:: GIVEN ENTRIES
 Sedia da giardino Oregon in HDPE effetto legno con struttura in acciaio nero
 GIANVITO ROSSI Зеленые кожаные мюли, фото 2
::::
:: GIVEN ENTRIES
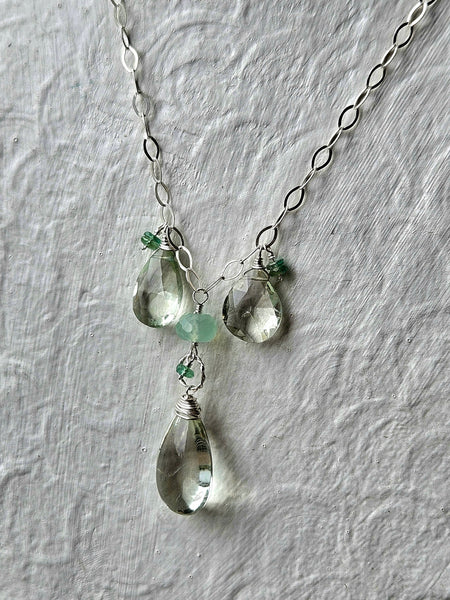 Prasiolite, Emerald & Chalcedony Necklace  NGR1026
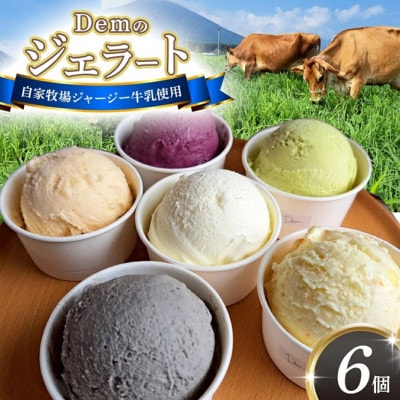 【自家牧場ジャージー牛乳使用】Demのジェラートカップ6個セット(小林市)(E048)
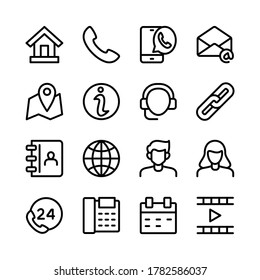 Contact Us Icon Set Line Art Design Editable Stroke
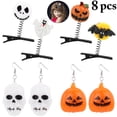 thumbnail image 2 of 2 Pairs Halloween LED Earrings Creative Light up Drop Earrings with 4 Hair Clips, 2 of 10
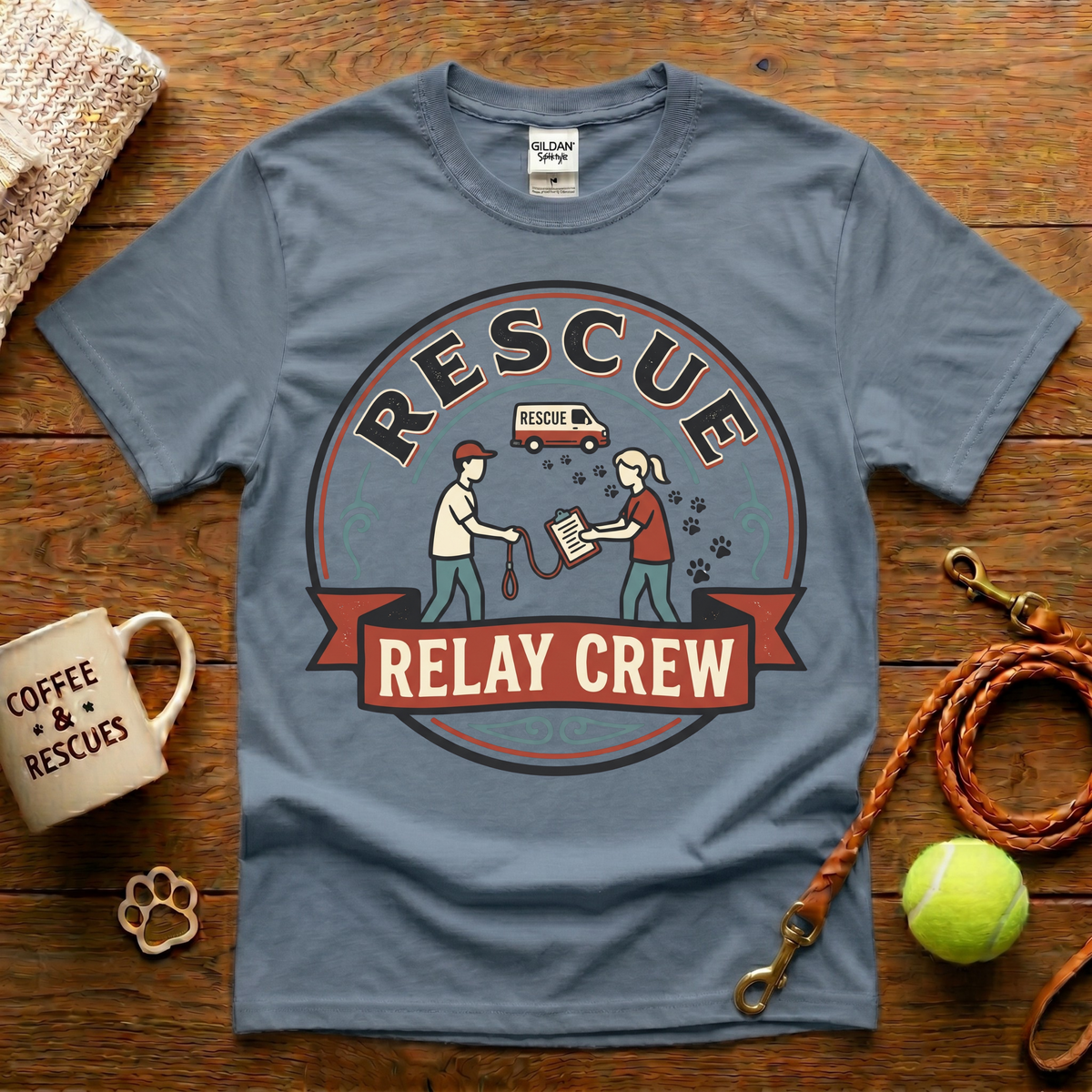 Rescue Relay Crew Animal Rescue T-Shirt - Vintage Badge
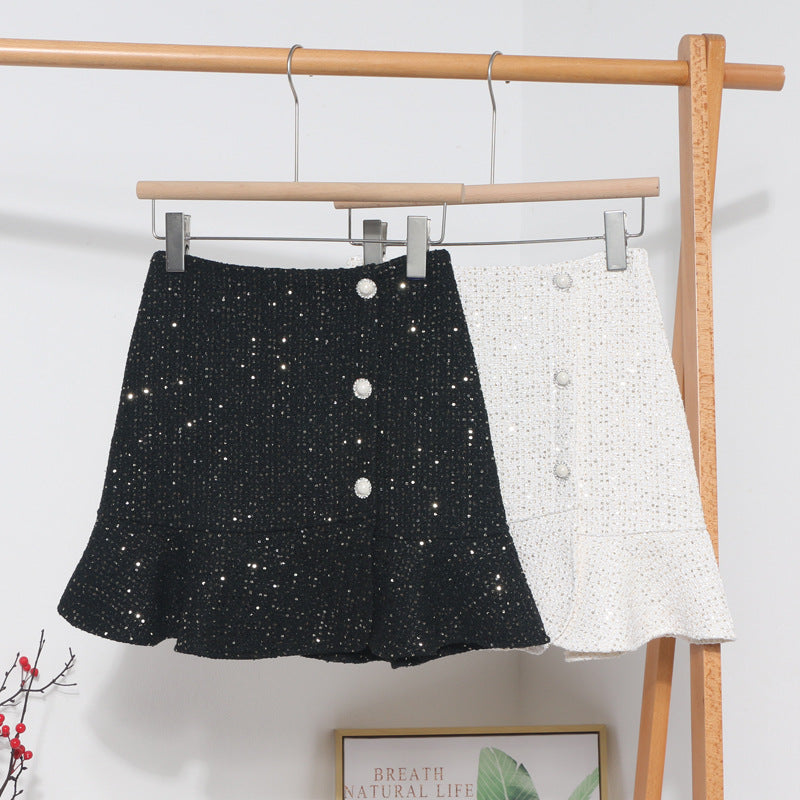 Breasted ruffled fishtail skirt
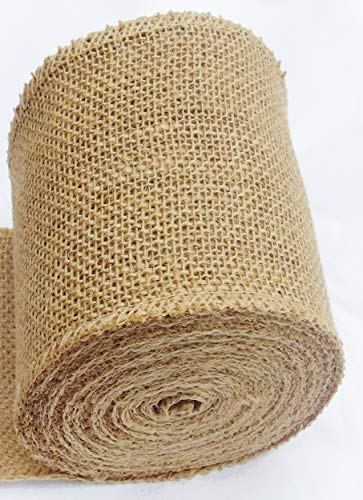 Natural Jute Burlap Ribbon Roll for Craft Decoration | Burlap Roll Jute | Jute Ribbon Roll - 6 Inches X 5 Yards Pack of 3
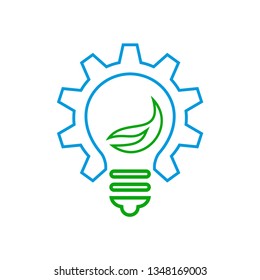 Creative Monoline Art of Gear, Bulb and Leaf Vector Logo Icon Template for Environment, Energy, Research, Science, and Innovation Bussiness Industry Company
::::
Wherever the line holding "Sedia da giardino" falls in the entries above, copy exactly from it through the line holding "GIANVITO ROSSI Зеленые кожаные мюли, фото 2", inclusive, and add nothing.

SOLUTION:
 Sedia da giardino Oregon in HDPE effetto legno con struttura in acciaio nero
 GIANVITO ROSSI Зеленые кожаные мюли, фото 2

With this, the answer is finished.